WARNING: The object store is using /tmp instead of /dev/shm because /dev/shm has only 67108864 bytes available. This may slow down performance! ... you may need to pass an argument with the flag '--shm-size' to 'docker run'.: this seems to be on aicrowd server side, but maybe we need to change the docker file or do clever things?
The process_trial operation took 1.1798417568206787 seconds to complete, which may be a performance bottleneck: this is from just scaling the number of channels in impala baseline by 4x (so 16x the params). Have people been experiencing the same performance bottlenecks with other models?

jyotish · July 8, 2020, 12:07pm

Hello @mtrazzi

First of all, thanks for your effort in writing down these warnings/errors here. I’m sure that a lot of participants would have similar questions.

Dashboard crashes with error while attempting to bind on address ('::1', 8265, 0, 0): cannot assign requested address . I solved this by adding webui_host='127.0.0.1' in ray_init in train.py (cf. stackoverflow) on google colab , not sure i need to do the same for aicrowd submission (which would mean touching to train.py ).

You can ignore the dashboard error. You see that error because the port on which the dashboard is trying to bind is not available for it.

ls: cannot access '/outputs/ray-results/procgen-ppo/*/' this seems to be in how variables are set in run.sh. Don’t know why they would want to access ray-results early on.

We run on the evaluations on preemptive instances, which means that the node on which the evaluation is running on can shut down any time. Before starting the training, we check for any existing checkpoints and resume from that point. I understand that this is causing some confusion. We will hide these outputs in the next grader update.

given NumPy array is not writeable ( solved by downgrading to torch 1.3.1 locally, but still unclear how to downgrade when submitting , cf. discussion)

You can update the requirements.txt or edit your Dockerfile accordingly. Please make sure that you set "docker_build": true in your aicrowd.json file. If this is not set to true, we will not trigger a docker build and will use a default image.

[Errno 2] No such file or directory: 'merged-videos/training.mp4' : seems to be on aicrowd side, but maybe we need to change how we log videos? see this example or this PR.

This is not related to the issue you were mentioning. We generate a few videos for every few iterations and upload them at regular time intervals during training. These videos are shown on the GitLab issue page as well as the submission dashboard. This error basically means that we tried uploading the video bu,t there was no video. This typically happens when throughput is very low or, the rendering doesn’t work. If you are able to see a video on aicrowd website and the dashboard, rendering the video is not the problem. It looks like we missed some error handling here (though it will not effect your evaluation in any way). We will fix this in the next grader update.

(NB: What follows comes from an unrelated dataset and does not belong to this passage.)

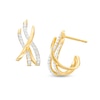 Thumbnail Image 1 of 0.10 CT. T.W. Diamond Triple Swirl J-Hoop Earrings in Sterling Silver with 14K Gold Plate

WARNING: The object store is using /tmp instead of /dev/shm because /dev/shm has only 67108864 bytes available. This may slow down performance! ... you may need to pass an argument with the flag '--shm-size' to 'docker run'. : this seems to be on aicrowd server side, but maybe we need to change the docker file or do clever things?

Yes, docker by default allocates very less shared memory. Typically, I do not expect this to have a drastic impact on performance. In terms of throughput, we were getting similar results on a physical machine and on the evaluation pipeline. But if you want us to increase this, please reach out to us and we will be glad to look into it.